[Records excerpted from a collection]
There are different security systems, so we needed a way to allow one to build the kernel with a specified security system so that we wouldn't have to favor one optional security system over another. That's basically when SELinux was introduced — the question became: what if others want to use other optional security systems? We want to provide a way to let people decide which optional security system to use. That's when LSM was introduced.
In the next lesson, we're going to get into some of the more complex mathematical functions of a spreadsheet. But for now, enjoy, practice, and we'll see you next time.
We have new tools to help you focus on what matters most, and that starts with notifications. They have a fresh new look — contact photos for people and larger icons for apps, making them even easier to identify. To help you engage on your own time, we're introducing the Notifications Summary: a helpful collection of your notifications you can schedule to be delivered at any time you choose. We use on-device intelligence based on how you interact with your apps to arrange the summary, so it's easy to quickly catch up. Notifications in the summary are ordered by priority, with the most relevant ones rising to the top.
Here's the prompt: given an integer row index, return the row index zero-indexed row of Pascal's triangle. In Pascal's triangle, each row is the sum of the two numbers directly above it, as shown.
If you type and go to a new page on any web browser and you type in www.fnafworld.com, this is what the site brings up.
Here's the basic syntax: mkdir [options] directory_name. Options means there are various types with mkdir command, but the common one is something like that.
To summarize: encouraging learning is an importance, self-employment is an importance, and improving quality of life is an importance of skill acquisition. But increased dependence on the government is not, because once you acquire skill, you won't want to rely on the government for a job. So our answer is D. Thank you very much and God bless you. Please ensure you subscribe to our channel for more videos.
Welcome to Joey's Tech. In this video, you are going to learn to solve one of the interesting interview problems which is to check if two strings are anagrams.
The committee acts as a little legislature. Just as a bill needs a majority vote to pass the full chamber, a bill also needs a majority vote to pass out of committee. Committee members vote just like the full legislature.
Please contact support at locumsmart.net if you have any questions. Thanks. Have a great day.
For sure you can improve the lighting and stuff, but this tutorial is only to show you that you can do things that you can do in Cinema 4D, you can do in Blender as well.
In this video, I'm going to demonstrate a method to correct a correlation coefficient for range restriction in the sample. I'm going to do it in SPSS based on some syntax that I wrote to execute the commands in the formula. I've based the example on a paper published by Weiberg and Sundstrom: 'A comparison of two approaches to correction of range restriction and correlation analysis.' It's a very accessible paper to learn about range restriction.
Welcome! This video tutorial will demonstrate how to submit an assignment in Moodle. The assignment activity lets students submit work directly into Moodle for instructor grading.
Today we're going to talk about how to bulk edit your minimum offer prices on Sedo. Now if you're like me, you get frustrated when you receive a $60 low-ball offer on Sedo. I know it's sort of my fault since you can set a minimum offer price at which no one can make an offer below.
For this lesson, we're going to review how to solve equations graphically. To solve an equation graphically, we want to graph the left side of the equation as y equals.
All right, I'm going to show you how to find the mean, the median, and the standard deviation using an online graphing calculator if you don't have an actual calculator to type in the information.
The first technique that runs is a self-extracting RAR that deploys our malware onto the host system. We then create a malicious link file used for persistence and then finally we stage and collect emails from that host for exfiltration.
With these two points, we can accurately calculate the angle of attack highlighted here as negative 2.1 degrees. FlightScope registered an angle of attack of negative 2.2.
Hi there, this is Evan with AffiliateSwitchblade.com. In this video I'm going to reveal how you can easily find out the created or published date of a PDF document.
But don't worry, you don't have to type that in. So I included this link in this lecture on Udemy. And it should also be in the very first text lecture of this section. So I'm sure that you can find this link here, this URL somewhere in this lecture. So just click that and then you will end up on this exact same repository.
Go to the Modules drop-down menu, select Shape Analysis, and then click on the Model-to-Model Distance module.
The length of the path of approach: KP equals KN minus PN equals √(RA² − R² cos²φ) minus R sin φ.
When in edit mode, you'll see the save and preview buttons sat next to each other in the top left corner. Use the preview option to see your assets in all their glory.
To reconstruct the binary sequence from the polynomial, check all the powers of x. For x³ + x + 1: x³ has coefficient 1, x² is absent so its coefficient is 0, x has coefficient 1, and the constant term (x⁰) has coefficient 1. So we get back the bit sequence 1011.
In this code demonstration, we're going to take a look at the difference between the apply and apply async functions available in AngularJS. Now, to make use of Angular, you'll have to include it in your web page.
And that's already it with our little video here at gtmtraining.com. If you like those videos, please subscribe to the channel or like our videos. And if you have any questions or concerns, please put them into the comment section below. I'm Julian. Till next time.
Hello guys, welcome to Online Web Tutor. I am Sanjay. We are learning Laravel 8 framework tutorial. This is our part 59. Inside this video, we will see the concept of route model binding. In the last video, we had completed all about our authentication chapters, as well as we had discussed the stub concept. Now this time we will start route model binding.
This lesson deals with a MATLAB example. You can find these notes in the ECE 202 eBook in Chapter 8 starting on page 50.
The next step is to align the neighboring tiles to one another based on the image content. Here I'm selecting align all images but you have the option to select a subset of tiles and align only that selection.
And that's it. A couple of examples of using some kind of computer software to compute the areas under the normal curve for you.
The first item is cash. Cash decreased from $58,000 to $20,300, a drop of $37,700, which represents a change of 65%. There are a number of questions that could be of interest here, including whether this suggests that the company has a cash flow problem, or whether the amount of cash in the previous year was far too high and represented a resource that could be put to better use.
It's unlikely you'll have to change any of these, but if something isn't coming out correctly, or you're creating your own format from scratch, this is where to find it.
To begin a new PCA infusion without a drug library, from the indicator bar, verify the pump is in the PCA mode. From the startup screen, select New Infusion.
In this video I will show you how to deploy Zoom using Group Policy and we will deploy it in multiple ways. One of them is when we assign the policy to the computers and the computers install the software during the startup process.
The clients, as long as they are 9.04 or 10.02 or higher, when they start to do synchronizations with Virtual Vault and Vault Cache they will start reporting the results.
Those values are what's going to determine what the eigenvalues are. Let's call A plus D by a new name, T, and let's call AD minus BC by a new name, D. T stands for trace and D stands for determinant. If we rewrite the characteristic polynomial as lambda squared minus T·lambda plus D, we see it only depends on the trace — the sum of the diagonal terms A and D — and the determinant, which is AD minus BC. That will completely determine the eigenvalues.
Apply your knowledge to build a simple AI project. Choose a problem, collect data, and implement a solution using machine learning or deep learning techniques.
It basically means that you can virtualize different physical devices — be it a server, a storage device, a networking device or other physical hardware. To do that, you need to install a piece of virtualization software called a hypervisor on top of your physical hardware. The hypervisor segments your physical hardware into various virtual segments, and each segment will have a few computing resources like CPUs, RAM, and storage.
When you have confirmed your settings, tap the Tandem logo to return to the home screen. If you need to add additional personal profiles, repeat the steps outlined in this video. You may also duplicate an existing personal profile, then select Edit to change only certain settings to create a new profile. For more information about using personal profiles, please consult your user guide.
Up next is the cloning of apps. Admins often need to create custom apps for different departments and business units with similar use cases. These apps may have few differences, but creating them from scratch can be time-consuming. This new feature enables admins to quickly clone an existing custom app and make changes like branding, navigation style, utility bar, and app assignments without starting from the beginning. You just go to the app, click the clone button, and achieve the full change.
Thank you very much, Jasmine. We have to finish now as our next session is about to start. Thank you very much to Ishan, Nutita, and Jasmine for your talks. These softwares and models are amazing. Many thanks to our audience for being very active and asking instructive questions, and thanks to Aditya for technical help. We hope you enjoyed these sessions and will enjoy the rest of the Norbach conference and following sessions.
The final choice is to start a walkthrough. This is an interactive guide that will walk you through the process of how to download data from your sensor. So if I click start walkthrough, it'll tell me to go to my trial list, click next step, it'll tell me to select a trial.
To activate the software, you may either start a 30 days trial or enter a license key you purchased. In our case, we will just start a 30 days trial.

Assigned task ▸
What's needed is a word-for-word restatement of all the entries.

Answer for the task ▸
There are different security systems, so we needed a way to allow one to build the kernel with a specified security system so that we wouldn't have to favor one optional security system over another. That's basically when SELinux was introduced — the question became: what if others want to use other optional security systems? We want to provide a way to let people decide which optional security system to use. That's when LSM was introduced.
In the next lesson, we're going to get into some of the more complex mathematical functions of a spreadsheet. But for now, enjoy, practice, and we'll see you next time.
We have new tools to help you focus on what matters most, and that starts with notifications. They have a fresh new look — contact photos for people and larger icons for apps, making them even easier to identify. To help you engage on your own time, we're introducing the Notifications Summary: a helpful collection of your notifications you can schedule to be delivered at any time you choose. We use on-device intelligence based on how you interact with your apps to arrange the summary, so it's easy to quickly catch up. Notifications in the summary are ordered by priority, with the most relevant ones rising to the top.
Here's the prompt: given an integer row index, return the row index zero-indexed row of Pascal's triangle. In Pascal's triangle, each row is the sum of the two numbers directly above it, as shown.
If you type and go to a new page on any web browser and you type in www.fnafworld.com, this is what the site brings up.
Here's the basic syntax: mkdir [options] directory_name. Options means there are various types with mkdir command, but the common one is something like that.
To summarize: encouraging learning is an importance, self-employment is an importance, and improving quality of life is an importance of skill acquisition. But increased dependence on the government is not, because once you acquire skill, you won't want to rely on the government for a job. So our answer is D. Thank you very much and God bless you. Please ensure you subscribe to our channel for more videos.
Welcome to Joey's Tech. In this video, you are going to learn to solve one of the interesting interview problems which is to check if two strings are anagrams.
The committee acts as a little legislature. Just as a bill needs a majority vote to pass the full chamber, a bill also needs a majority vote to pass out of committee. Committee members vote just like the full legislature.
Please contact support at locumsmart.net if you have any questions. Thanks. Have a great day.
For sure you can improve the lighting and stuff, but this tutorial is only to show you that you can do things that you can do in Cinema 4D, you can do in Blender as well.
In this video, I'm going to demonstrate a method to correct a correlation coefficient for range restriction in the sample. I'm going to do it in SPSS based on some syntax that I wrote to execute the commands in the formula. I've based the example on a paper published by Weiberg and Sundstrom: 'A comparison of two approaches to correction of range restriction and correlation analysis.' It's a very accessible paper to learn about range restriction.
Welcome! This video tutorial will demonstrate how to submit an assignment in Moodle. The assignment activity lets students submit work directly into Moodle for instructor grading.
Today we're going to talk about how to bulk edit your minimum offer prices on Sedo. Now if you're like me, you get frustrated when you receive a $60 low-ball offer on Sedo. I know it's sort of my fault since you can set a minimum offer price at which no one can make an offer below.
For this lesson, we're going to review how to solve equations graphically. To solve an equation graphically, we want to graph the left side of the equation as y equals.
All right, I'm going to show you how to find the mean, the median, and the standard deviation using an online graphing calculator if you don't have an actual calculator to type in the information.
The first technique that runs is a self-extracting RAR that deploys our malware onto the host system. We then create a malicious link file used for persistence and then finally we stage and collect emails from that host for exfiltration.
With these two points, we can accurately calculate the angle of attack highlighted here as negative 2.1 degrees. FlightScope registered an angle of attack of negative 2.2.
Hi there, this is Evan with AffiliateSwitchblade.com. In this video I'm going to reveal how you can easily find out the created or published date of a PDF document.
But don't worry, you don't have to type that in. So I included this link in this lecture on Udemy. And it should also be in the very first text lecture of this section. So I'm sure that you can find this link here, this URL somewhere in this lecture. So just click that and then you will end up on this exact same repository.
Go to the Modules drop-down menu, select Shape Analysis, and then click on the Model-to-Model Distance module.
The length of the path of approach: KP equals KN minus PN equals √(RA² − R² cos²φ) minus R sin φ.
When in edit mode, you'll see the save and preview buttons sat next to each other in the top left corner. Use the preview option to see your assets in all their glory.
To reconstruct the binary sequence from the polynomial, check all the powers of x. For x³ + x + 1: x³ has coefficient 1, x² is absent so its coefficient is 0, x has coefficient 1, and the constant term (x⁰) has coefficient 1. So we get back the bit sequence 1011.
In this code demonstration, we're going to take a look at the difference between the apply and apply async functions available in AngularJS. Now, to make use of Angular, you'll have to include it in your web page.
And that's already it with our little video here at gtmtraining.com. If you like those videos, please subscribe to the channel or like our videos. And if you have any questions or concerns, please put them into the comment section below. I'm Julian. Till next time.
Hello guys, welcome to Online Web Tutor. I am Sanjay. We are learning Laravel 8 framework tutorial. This is our part 59. Inside this video, we will see the concept of route model binding. In the last video, we had completed all about our authentication chapters, as well as we had discussed the stub concept. Now this time we will start route model binding.
This lesson deals with a MATLAB example. You can find these notes in the ECE 202 eBook in Chapter 8 starting on page 50.
The next step is to align the neighboring tiles to one another based on the image content. Here I'm selecting align all images but you have the option to select a subset of tiles and align only that selection.
And that's it. A couple of examples of using some kind of computer software to compute the areas under the normal curve for you.
The first item is cash. Cash decreased from $58,000 to $20,300, a drop of $37,700, which represents a change of 65%. There are a number of questions that could be of interest here, including whether this suggests that the company has a cash flow problem, or whether the amount of cash in the previous year was far too high and represented a resource that could be put to better use.
It's unlikely you'll have to change any of these, but if something isn't coming out correctly, or you're creating your own format from scratch, this is where to find it.
To begin a new PCA infusion without a drug library, from the indicator bar, verify the pump is in the PCA mode. From the startup screen, select New Infusion.
In this video I will show you how to deploy Zoom using Group Policy and we will deploy it in multiple ways. One of them is when we assign the policy to the computers and the computers install the software during the startup process.
The clients, as long as they are 9.04 or 10.02 or higher, when they start to do synchronizations with Virtual Vault and Vault Cache they will start reporting the results.
Those values are what's going to determine what the eigenvalues are. Let's call A plus D by a new name, T, and let's call AD minus BC by a new name, D. T stands for trace and D stands for determinant. If we rewrite the characteristic polynomial as lambda squared minus T·lambda plus D, we see it only depends on the trace — the sum of the diagonal terms A and D — and the determinant, which is AD minus BC. That will completely determine the eigenvalues.
Apply your knowledge to build a simple AI project. Choose a problem, collect data, and implement a solution using machine learning or deep learning techniques.
It basically means that you can virtualize different physical devices — be it a server, a storage device, a networking device or other physical hardware. To do that, you need to install a piece of virtualization software called a hypervisor on top of your physical hardware. The hypervisor segments your physical hardware into various virtual segments, and each segment will have a few computing resources like CPUs, RAM, and storage.
When you have confirmed your settings, tap the Tandem logo to return to the home screen. If you need to add additional personal profiles, repeat the steps outlined in this video. You may also duplicate an existing personal profile, then select Edit to change only certain settings to create a new profile. For more information about using personal profiles, please consult your user guide.
Up next is the cloning of apps. Admins often need to create custom apps for different departments and business units with similar use cases. These apps may have few differences, but creating them from scratch can be time-consuming. This new feature enables admins to quickly clone an existing custom app and make changes like branding, navigation style, utility bar, and app assignments without starting from the beginning. You just go to the app, click the clone button, and achieve the full change.
Thank you very much, Jasmine. We have to finish now as our next session is about to start. Thank you very much to Ishan, Nutita, and Jasmine for your talks. These softwares and models are amazing. Many thanks to our audience for being very active and asking instructive questions, and thanks to Aditya for technical help. We hope you enjoyed these sessions and will enjoy the rest of the Norbach conference and following sessions.
The final choice is to start a walkthrough. This is an interactive guide that will walk you through the process of how to download data from your sensor. So if I click start walkthrough, it'll tell me to go to my trial list, click next step, it'll tell me to select a trial.
To activate the software, you may either start a 30 days trial or enter a license key you purchased. In our case, we will just start a 30 days trial.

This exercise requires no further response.